Now that we’ve come to the end I’m finding myself looking back to the first time I taught this same course—as least a course with the same name—at this university almost five years ago. A new faculty member, fresh out of graduate school, and generally perplexed about the culture I had entered at this new university, I felt I had to teach all of the students in my class about poetry from the dawn of time to yesterday and assist them with their own writing too. That is to say, I was trying to teach a literature course in a creative writing course. And these students in my class were predominantly non-major white male athletes, there to check off one of their required boxes for graduation. Now I wish I could grab me then by the elbow and say, Relax. If you can get them to finish the course believing in poetry, believing that it is for them, then you will have done something right. I would like to believe that some of them left with that idea, but mostly I find myself cringing while thinking of that time.

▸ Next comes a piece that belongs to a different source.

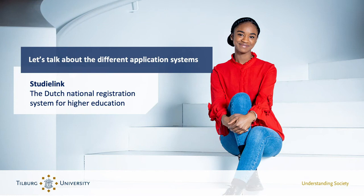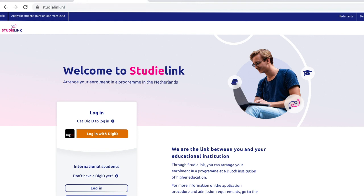First, there's StudiLink, the Dutch National Registration System for Higher Education. To start your application, you will first need to register in StudiLink.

Somehow, though, a transition began slowly. A transition away from succumbing to the pressure to teach as much of the canon as I could. A transition away from the pressure to use a standard, big-name publisher textbook where each chapter was a long, boring examination into meter or symbols or the like. Instead, I began teaching students that much of what they had been told about poetry was all wrong. That we must explode the idea of poetry until all that is left is us and the words and the feelings they evoke. That through the deconstruction we can reconstruct poetry again, and find it as it always has been, there just waiting for us from when we were much younger and knew exactly in our bones what it was and what it meant.

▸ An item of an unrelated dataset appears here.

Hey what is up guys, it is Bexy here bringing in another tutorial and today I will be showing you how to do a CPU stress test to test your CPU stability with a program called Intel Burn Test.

You’re getting soft in your old age, a friend and fellow teacher said to me the other day when I mentioned that I was struggling to grade these students turned poets.

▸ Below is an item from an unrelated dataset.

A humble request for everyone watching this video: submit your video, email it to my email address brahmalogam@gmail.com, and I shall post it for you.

I can hear the worried voices of some of those who taught me, and those of the voices who have taught as I have previously taught for years: If students don’t learn of the long history and evolution of poetry and of the classics in my class, then where will they?

Somewhere, I hope, is the answer I have at least for today, but not in this class.  Instead, let a literature course focusing on poetry do that worthwhile work, and then let the creative writing course focus on other equally important things. Things that while they do include the many craft toolbox essentials and various voices from the canon also include voices from backgrounds as varied as my students are—as now, five years later, not a single white male was in my class and my university has become one of the more diverse ones.

So what, in the end, is the purpose of an undergraduate poetry class?

To learn that their voice—as it is—has value? Without whitewashing, without academic-language-washing?

To learn how to risk? Risk on the page and on the stage?

To learn that their stories can grow by knowing and learning the stories of others?

To learn how to destroy what negative associations they had about poetry?

To learn how to evaluate their own ideas and words?

To learn how to revise something? To take it—after the grand accomplishment of placing it all together—and pull it apart? To shift and trim and expand? To see what can happen to something, anything, an idea, a person, when we believe in revision?

To create a community of writers? Of students who actually get to see each other as humans?

At times, writing about creative writing courses can be difficult to articulate, especially to those who haven’t been a part of the odd environment. In many conversations I notice the almost religious undertones, the discussion of the class becoming family, of what must be given and sacrificed individually. I especially notice this with poetry and creative nonfiction. And while my students, and even myself, have lost our faith in so many things—too many to list—in this small gathering of people some current runs through: Faith remains in words and in the power of speaking them.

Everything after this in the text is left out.